NLnetLabs / unbound

Unbound is a validating, recursive, and caching DNS resolver.
https://nlnetlabs.nl/unbound
BSD 3-Clause "New" or "Revised" License
3.13k stars 359 forks source link

NXDOMAIN instead of NOERROR rcode when asked for existing CNAME record #870

Closed appliedprivacy closed 1 year ago

appliedprivacy commented 1 year ago

Describe the bug

Unbound answers to a CNAME query with NXDOMAIN instead of NOERROR but includes the actual existing record as well.

Actual expected rcode: NOERROR

Also: When asked for a CNAME, unbound asks the authoritative NS for an A record.

Actual expected qtype: CNAME

To reproduce Steps to reproduce the behavior:

  1. start unbound so it has an empty cache when the query reaches unbound (config is provided at the end of this bugreport)
  2. ask unbound for this existing CNAME DNS record dig _acme-challenge.bender-doh.applied-privacy.net CNAME -> NXDOMAIN
  3. ask unbound again without flushing the cache first, you will get a NOERROR rcode

Others on the mailing list have confirmed seeing the same issue.

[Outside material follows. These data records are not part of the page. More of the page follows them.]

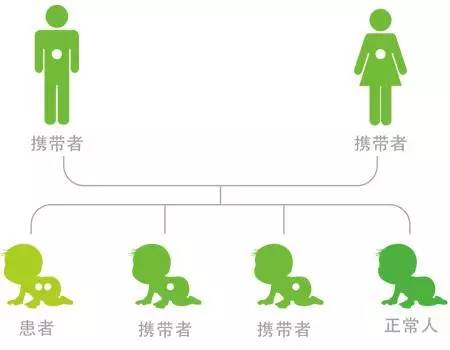 宜昌人爱吃的这种菜！3岁娃吃了两口，高烧不退，连尿尿颜色都变了……新手爸妈留意了！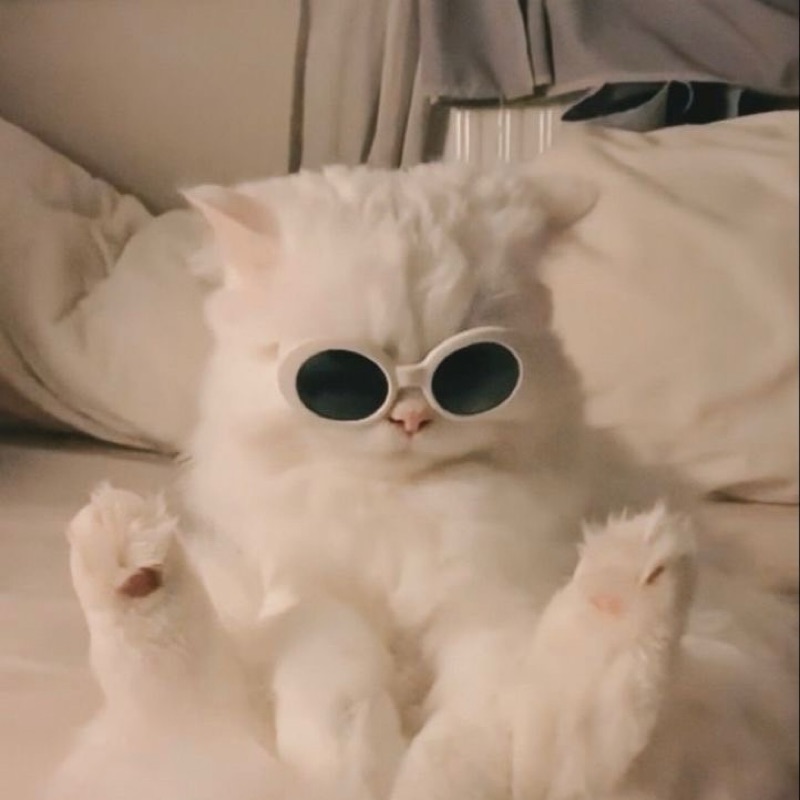 加藤 百華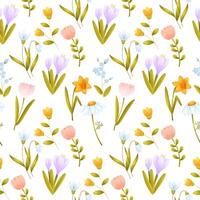 A seamless pattern of spring flowers. Tulip, daffodil, crocus, daisy. illustration vector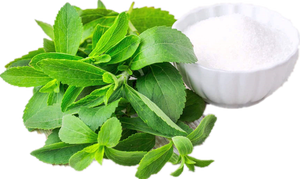 Polvo <span class=keywords><strong>de</strong></span> <span class=keywords><strong>Stevia</strong></span> Venta al por mayor Steviosides 80% Stevioside Steiva Extracto <span class=keywords><strong>Stevia</strong></span> Azúcar <span class=keywords><strong>Precio</strong></span> a granel - Product Image 3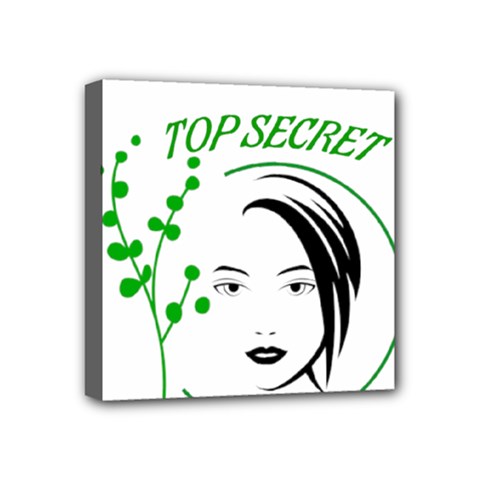 Top Secret  Mini Canvas 4  X 4  (stretched) by Raju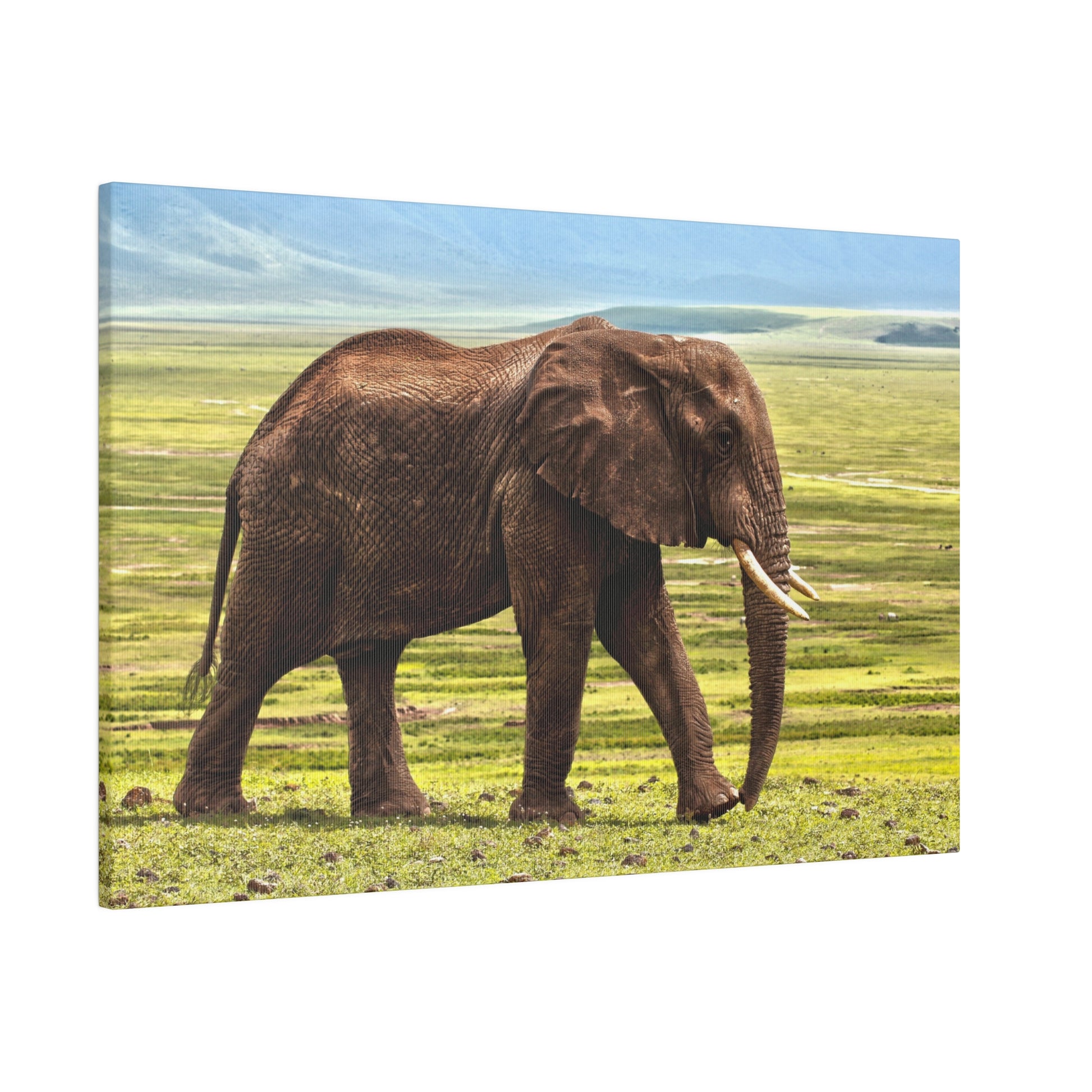 Brown African elephant walking across a grassy savanna with a blue sky in the background.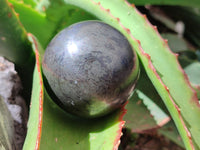 Polished Pharaoh Stone Spheres x 3 From Zimbabwe - Toprock Gemstones and Minerals 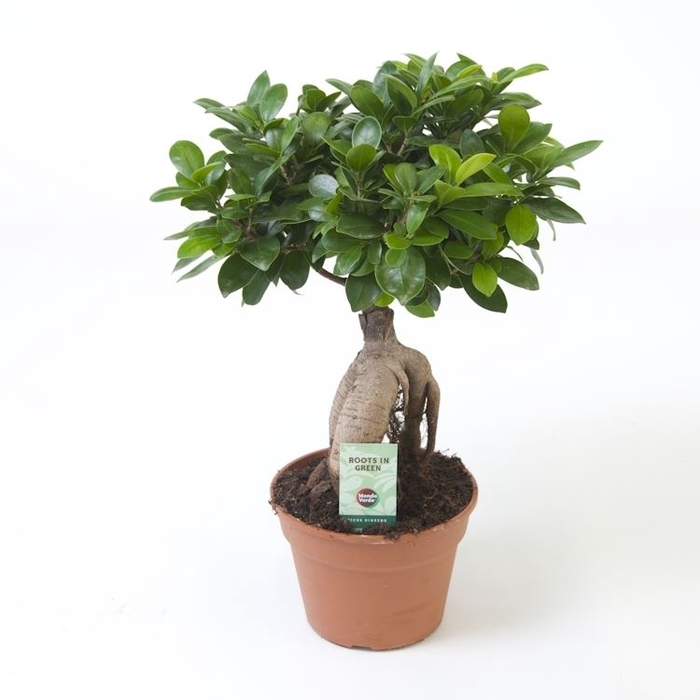 <h4>Ficus micr. Ginseng</h4>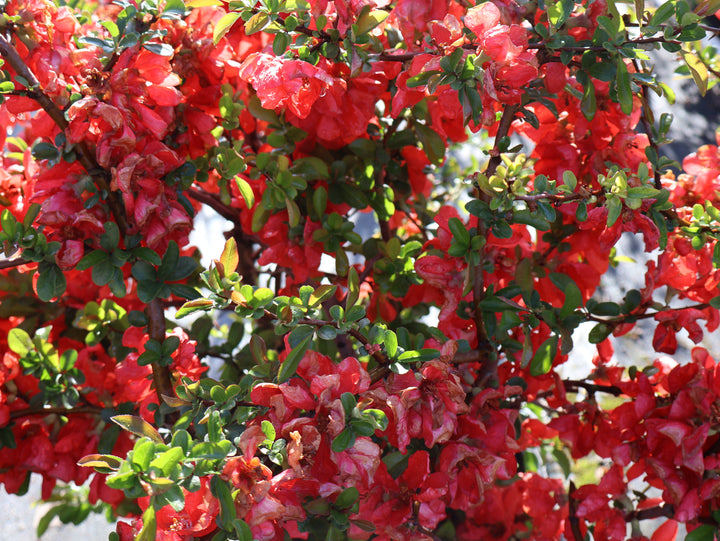 Quince - Texas Scarlet Red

While looking into the PCAP files from stub -> unbound and unbound -> authoritative, I also noticed that the CNAME query send to unbound results in unbound asking the authoritative for an A record - which does not existing. This mismatch in inbound and outbound qtype might be related to the root cause of the bug.

Expected behavior

unbound should ask the authoritative nameserver for a CNAME record not an A record. unbound should answer with an NOERROR rcode for existing CNAMEs - like other resolvers do (for example PowerDNS Recursor).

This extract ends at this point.